A View from Kristina Bjoran
The State of the Internet: IPv4 Won't Die
Akamai’s State of the Internet report shows that companies are dragging their feet moving to IPv6.
The collective Internet is reluctant to move on from the dying Internet Protocol version 4 (IPv4), according to Akamai’s newest State of the Internet quarterly report. Every piece of hardware connected to the Internet—such as Web servers, PCs, cell phones, or printers—gets a unique number assigned by this protocol, which lets devices locate and contact each other.
For the past several years, we’ve been warned that IPv4 was running out of numbers. The protocol’s successor, IPv6, provides an enormous pool of new numbers, but adoption has been very slow.

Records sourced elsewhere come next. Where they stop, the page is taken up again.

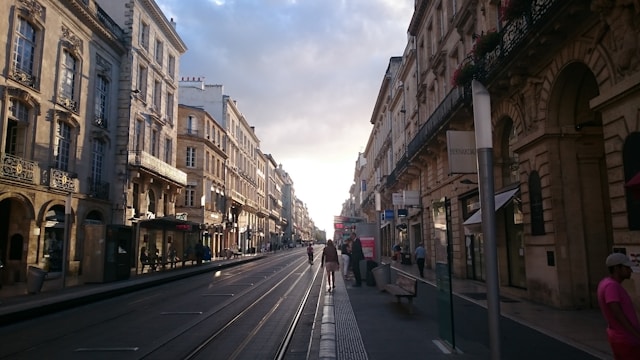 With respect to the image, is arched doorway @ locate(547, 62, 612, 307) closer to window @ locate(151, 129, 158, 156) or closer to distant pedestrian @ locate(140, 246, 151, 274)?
distant pedestrian @ locate(140, 246, 151, 274)

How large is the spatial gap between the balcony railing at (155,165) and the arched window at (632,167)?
87.2ft

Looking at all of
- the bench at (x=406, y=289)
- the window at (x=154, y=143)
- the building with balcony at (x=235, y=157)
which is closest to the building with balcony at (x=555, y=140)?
the bench at (x=406, y=289)

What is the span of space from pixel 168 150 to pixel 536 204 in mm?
30434

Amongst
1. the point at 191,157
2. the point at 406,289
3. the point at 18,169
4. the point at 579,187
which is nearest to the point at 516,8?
the point at 579,187

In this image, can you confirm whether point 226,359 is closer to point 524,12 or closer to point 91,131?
point 524,12

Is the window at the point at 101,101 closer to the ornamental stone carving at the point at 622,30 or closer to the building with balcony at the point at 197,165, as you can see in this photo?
the building with balcony at the point at 197,165

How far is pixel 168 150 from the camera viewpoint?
3769cm

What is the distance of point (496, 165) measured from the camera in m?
16.9

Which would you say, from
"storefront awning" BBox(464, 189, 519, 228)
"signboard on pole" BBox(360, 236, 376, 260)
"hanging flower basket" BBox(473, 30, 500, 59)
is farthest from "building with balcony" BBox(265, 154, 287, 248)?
"hanging flower basket" BBox(473, 30, 500, 59)

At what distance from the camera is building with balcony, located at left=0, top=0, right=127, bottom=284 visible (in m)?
19.8

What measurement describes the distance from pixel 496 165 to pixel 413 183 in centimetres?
1613

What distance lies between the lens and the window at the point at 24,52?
20.2 meters

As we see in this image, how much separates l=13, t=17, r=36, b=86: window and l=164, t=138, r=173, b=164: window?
1580 centimetres

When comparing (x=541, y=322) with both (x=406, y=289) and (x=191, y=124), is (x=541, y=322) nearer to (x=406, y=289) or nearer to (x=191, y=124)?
(x=406, y=289) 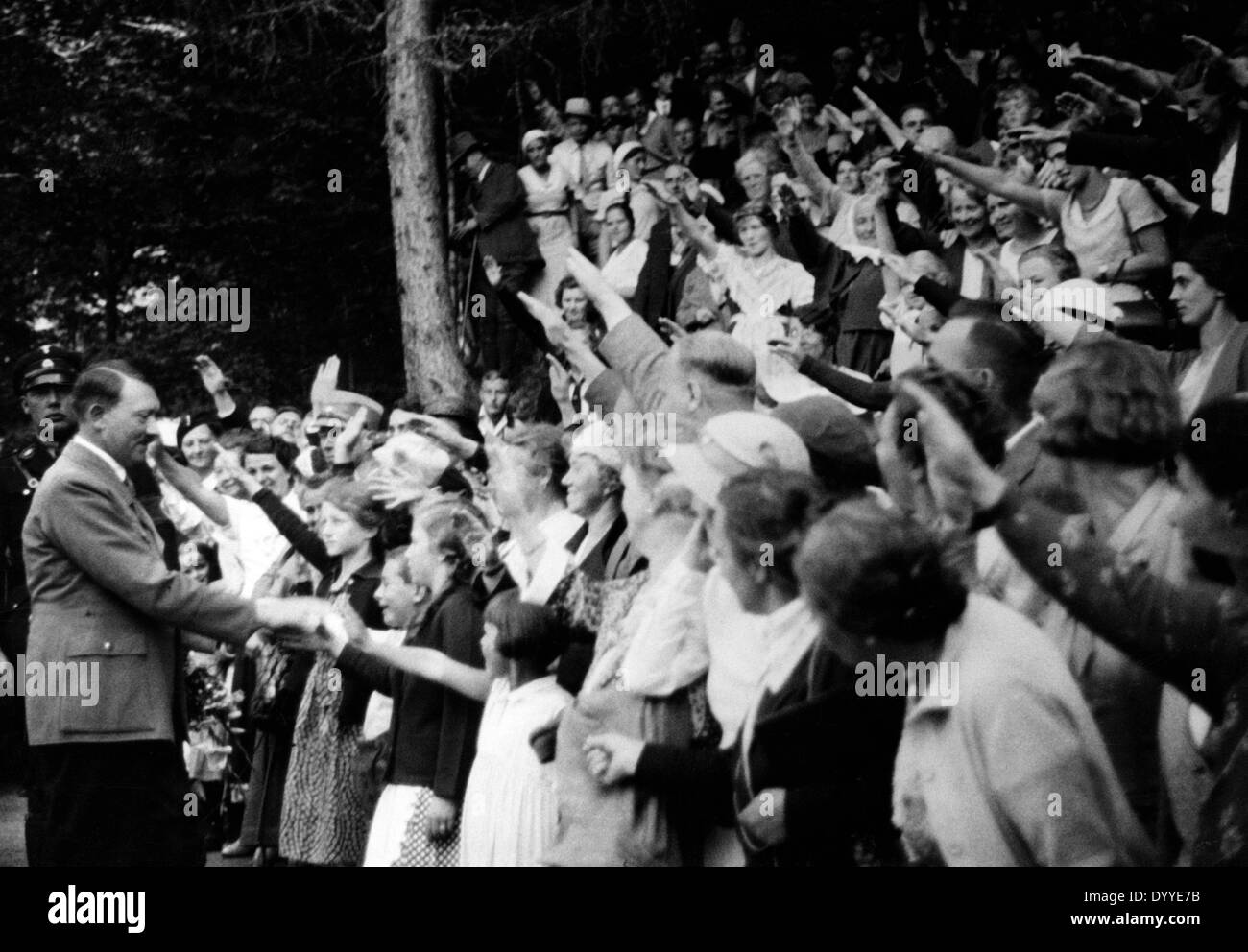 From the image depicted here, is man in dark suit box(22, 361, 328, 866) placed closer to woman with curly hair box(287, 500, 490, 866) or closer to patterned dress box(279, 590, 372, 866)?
woman with curly hair box(287, 500, 490, 866)

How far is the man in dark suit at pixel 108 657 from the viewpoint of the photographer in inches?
213

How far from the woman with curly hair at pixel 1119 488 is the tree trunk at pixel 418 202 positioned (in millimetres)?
6755

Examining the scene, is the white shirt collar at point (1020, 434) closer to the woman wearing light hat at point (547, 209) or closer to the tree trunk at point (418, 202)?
the woman wearing light hat at point (547, 209)

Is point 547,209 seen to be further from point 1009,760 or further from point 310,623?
point 1009,760

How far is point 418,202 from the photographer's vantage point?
10680 millimetres

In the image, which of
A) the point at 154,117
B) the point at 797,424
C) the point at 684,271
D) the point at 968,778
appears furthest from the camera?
the point at 154,117

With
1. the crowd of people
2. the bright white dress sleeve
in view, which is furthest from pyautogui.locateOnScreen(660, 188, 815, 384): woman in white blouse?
the bright white dress sleeve

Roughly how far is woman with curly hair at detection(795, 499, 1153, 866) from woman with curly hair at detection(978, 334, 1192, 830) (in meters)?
0.24

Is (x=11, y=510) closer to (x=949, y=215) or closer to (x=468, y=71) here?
(x=949, y=215)

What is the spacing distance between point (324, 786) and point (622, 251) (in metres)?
4.09

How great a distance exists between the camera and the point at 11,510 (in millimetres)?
7223

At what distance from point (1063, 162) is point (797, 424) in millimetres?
2344

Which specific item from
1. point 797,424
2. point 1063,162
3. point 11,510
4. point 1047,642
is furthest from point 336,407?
point 1047,642

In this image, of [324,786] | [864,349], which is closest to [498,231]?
[864,349] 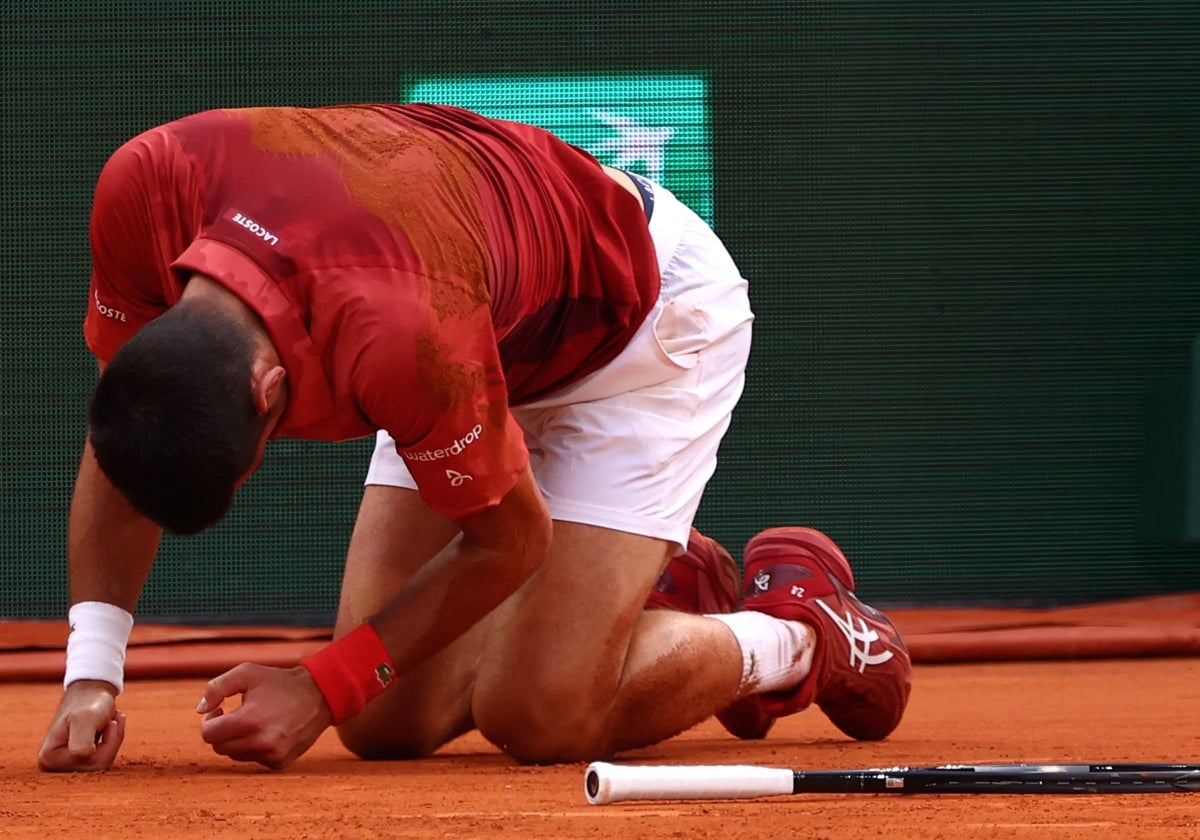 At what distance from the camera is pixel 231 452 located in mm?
1764

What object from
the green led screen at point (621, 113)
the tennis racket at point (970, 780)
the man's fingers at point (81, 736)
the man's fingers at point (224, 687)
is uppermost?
the green led screen at point (621, 113)

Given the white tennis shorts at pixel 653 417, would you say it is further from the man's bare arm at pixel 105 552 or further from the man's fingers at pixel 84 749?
the man's fingers at pixel 84 749

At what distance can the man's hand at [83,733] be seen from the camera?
2213 millimetres

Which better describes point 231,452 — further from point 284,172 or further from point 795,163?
point 795,163

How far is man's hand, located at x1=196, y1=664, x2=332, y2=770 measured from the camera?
2.11 meters

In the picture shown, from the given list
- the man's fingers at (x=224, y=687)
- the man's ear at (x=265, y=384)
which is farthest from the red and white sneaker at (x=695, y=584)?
the man's ear at (x=265, y=384)

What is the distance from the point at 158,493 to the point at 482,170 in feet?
2.08

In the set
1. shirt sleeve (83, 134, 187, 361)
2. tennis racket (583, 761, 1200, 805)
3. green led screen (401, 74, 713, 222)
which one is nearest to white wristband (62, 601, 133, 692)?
shirt sleeve (83, 134, 187, 361)

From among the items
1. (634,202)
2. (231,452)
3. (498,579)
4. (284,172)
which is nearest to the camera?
(231,452)

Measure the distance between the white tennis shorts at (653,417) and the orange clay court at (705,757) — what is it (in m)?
0.39

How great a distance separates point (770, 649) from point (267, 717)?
34.3 inches

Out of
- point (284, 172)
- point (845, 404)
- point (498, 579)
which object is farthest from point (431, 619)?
point (845, 404)

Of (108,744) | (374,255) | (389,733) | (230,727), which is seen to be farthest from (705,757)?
(374,255)

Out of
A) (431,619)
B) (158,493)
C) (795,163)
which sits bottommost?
(431,619) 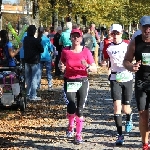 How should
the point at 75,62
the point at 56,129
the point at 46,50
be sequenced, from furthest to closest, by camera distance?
1. the point at 46,50
2. the point at 56,129
3. the point at 75,62

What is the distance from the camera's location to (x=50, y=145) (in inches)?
302

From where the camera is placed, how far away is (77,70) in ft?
25.0

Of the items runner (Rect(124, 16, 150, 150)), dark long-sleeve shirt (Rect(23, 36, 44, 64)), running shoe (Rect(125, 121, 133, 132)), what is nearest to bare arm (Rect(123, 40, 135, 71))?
runner (Rect(124, 16, 150, 150))

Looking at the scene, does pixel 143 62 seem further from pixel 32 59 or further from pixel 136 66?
pixel 32 59

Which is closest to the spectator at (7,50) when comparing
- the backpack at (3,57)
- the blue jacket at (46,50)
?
the backpack at (3,57)

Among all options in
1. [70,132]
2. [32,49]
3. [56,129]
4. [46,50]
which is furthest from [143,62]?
[46,50]

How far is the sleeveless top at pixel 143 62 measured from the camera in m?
6.29

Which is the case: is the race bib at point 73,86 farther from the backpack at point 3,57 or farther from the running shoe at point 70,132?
the backpack at point 3,57

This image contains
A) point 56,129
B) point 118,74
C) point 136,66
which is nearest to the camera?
point 136,66

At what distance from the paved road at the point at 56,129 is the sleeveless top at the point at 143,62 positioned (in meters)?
1.37

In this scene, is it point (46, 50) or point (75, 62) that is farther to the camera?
point (46, 50)

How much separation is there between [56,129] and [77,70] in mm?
1706

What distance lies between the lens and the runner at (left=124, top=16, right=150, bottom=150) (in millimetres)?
6207

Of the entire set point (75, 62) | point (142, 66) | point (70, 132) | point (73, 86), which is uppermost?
point (142, 66)
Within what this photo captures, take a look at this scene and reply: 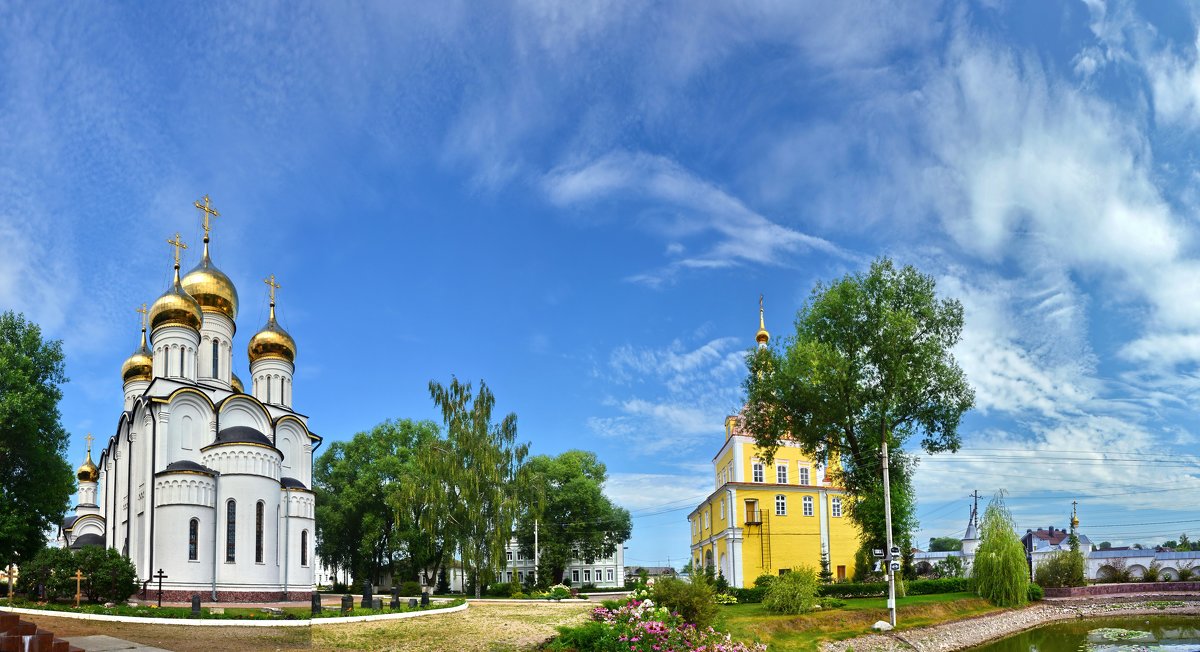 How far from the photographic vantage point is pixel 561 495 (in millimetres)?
59875

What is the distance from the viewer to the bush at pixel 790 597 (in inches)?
963

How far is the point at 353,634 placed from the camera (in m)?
19.2

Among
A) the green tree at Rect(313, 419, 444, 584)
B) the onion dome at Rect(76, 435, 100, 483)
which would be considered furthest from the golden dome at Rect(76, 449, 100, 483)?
the green tree at Rect(313, 419, 444, 584)

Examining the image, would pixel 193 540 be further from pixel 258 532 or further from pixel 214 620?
pixel 214 620

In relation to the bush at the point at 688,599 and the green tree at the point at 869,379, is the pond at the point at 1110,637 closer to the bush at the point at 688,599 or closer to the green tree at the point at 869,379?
the green tree at the point at 869,379

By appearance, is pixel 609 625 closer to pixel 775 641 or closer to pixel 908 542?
pixel 775 641

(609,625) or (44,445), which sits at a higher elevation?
(44,445)

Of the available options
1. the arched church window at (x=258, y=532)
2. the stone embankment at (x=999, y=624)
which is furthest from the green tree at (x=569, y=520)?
the stone embankment at (x=999, y=624)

The official exhaustion of IPv4 came and went earlier this year, when every possible IPv4 number had been generated and allotted. Many unclaimed IPv4 addresses have clearly now been assigned; Akamai reports that there are 5.2 percent more unique IPv4 addresses in use than there were in the fourth quarter of 2010.
Internet-focused organizations strongly advised that providers stop handing out the unclaimed IPv4 addresses and make the inevitable switch to the roomier IPv6. The Internet Society even sponsored a worldwide test run for IPv6, which they hoped would encourage others to update their hardware and networks and make the switch.
But according to Akamai, which routes between 15 and 30 percent of the world’s Internet traffic, only about 0.25 percent of the top one million websites (as rated by Web analysis company Alexa) can be reached through the IPv6 versions of their sites. And the Internet security firm Arbor Networks says that IPv6 traffic volumes only account for between 0.1 and 0.2 percent of all Internet traffic.
This isn’t all that unexpected. Adoption of IPv6 can be tedious and expensive. And although IPv6 addresses will eventually cheaper than IPv4, they aren’t yet. Google and Facebook can roll out their IPv6 websites, but users might not be able to access them if their Internet service providers don’t widely support IPv6 connectivity.
Consumer-side hardware is also a problem since many older modems don’t have IPv6 support. “For the most part, customers buy off-the-shelf home routers and modems and use them until they break,” says Leo Vegoda, Number Resource Manager at the Internet Corporation for Assigned Names and Numbers (ICANN). “Providing IPv6 to most customers is going to mean replacing a lot of networking equipment that was never designed with IPv6 in mind and will never be upgraded to support it.”